The reason Mailwasher Pro helps protect against malware is that it allows you to preview the mail before you download it using your Email client (Outlook, Thunderbird, etc.), downloading only the headers, not any attachments or images. If a piece of mail looks suspicious or is obviously spam, you can delete it from the server before you ever download it.
Have a Bulletproof Backup Plan
Some malware, especially ransomware, attacks backups as well as the system drive; so protecting your backups is an essential part of protecting your data from malware.
Most good drive imaging software is able to protect backup files from deletion or encryption by protecting them from deletion except from within the software and password-protecting them. That's pretty good protection, but it's not enough to allow me to enjoy my beauty sleep. There are two possible solutions to this worry.
The first solution is to physically disconnect your backup destination (for example, an external hard drive) between backups. That's a bulletproof solution, but not a very convenient one because it requires that I be here and actually remember to do it.
The second solution is to back up my data to the cloud using an online backup service. The one I personally use most is Backblaze. I use them as a backup destination for both my personal computers and my Web servers.
Install a Good Firewall Router
Most better routers have firewalls built in, but many of the cheap ones don't update their firmware often enough to patch vulnerabilities.
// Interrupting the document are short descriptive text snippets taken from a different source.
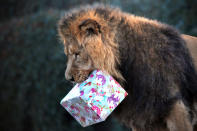 A lion holds a "Christmas gift" during a photocall marking Christmas at the London Zoo in central London on December 12, 2012. AFP PHOTO/CARL COURT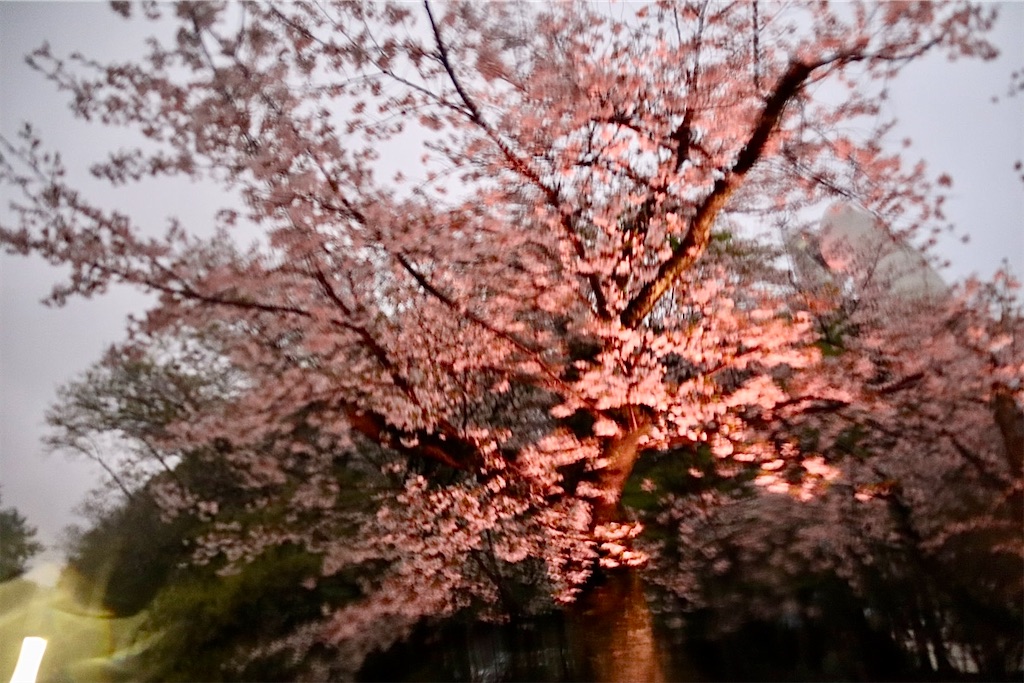 f:id:sas9inch:20260410145322j:image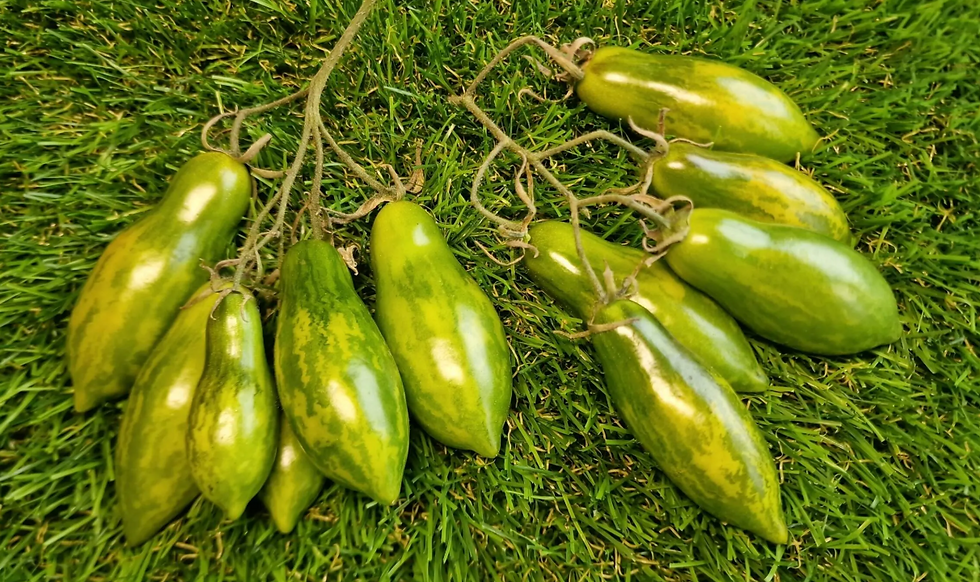 4848 - Gel / Гель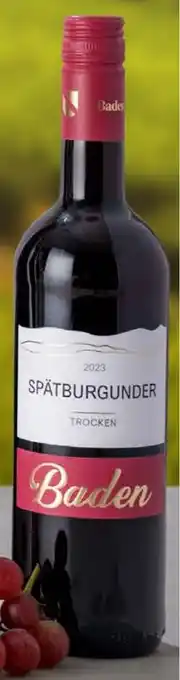 Lidl Spätburgunder Baden QbA, Rotwein, trocken 0,75 L Angebot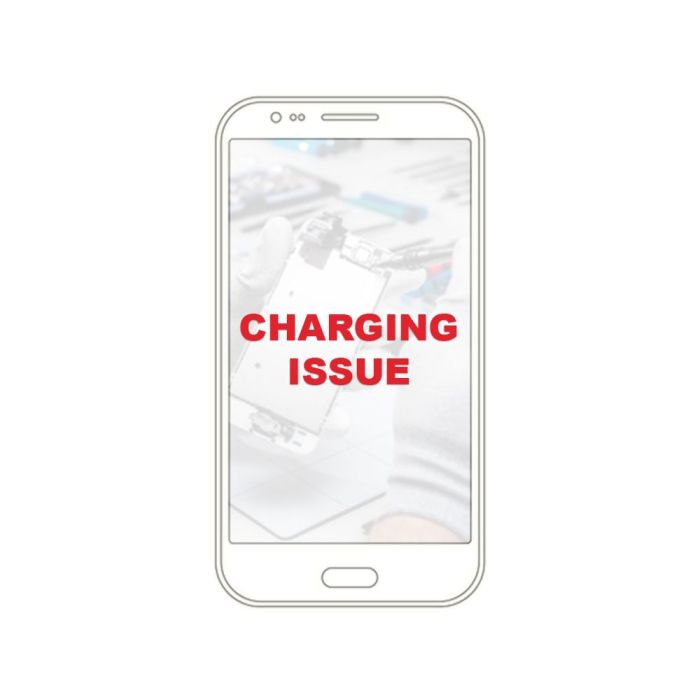 Charging Issue
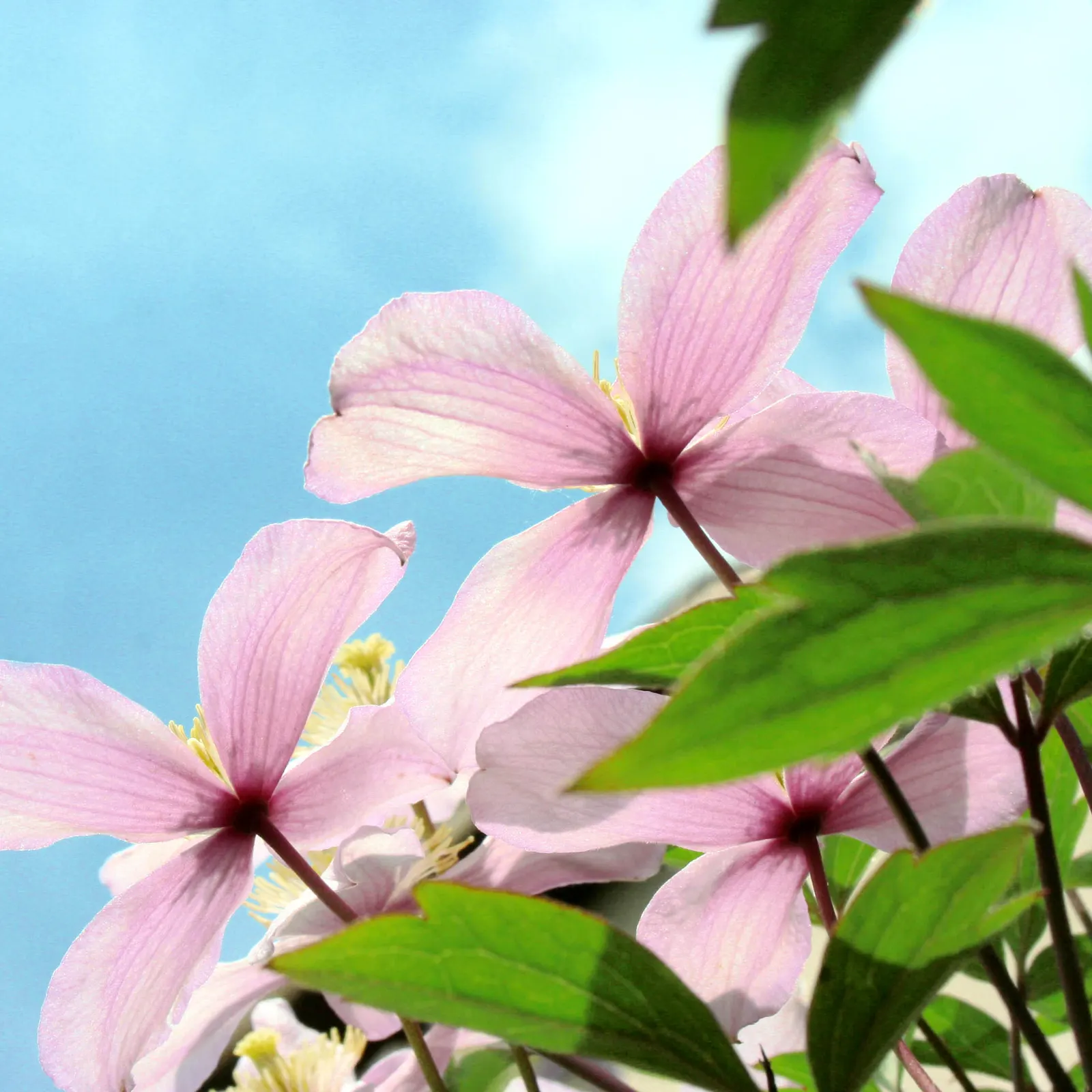 Anemone Clematis (Clematis Montana) — providing a fuller plant and extra resilience in cold weather; its medium green, trifoliate leaves create a lush backdrop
Spend a few dollars extra for a good, current firewall router and check frequently for firmware updates.
Speaking of routers: If you use Windows RDP to remotely log in to your computer, change the public port to one that's hard to guess, close port 3389 on the router, and let the router port-forward connections from the new public port to port 3389 on your PC. Aside from being more secure, you'll avoid lots of bot traffic.
Secure Your Wireless Connection
If you have a wireless network, use WPA2 encryption (WEP is easily hacked) and secure it with a strong key. If your router has the ability to set up a "Guest" network, set it up and let house guests use that connection to isolate them from your computers.
Avoid Questionable Sites
Porn sites and "warez" (pirated software) sites are notorious for distributing malware. Also be very suspicious if a site you regularly visit looks different, especially if it's a banking or other financial site. It could just be a site redesign, but it could also be that the site was hacked or that your browser is being hijacked.
Avoid Online File-Sharing
Unless you really have no other way to download a file, avoid file-sharing services like Bittorrent. Yes, I know that a lot of legitimate, perfectly-legal content is distributed that way. But so is a lot of malicious crap. If you must use a file-sharing service, be very careful, and limit the software's access to only the folder that you absolutely must share to use the service. But look for an HTTP or SFTP alternative first.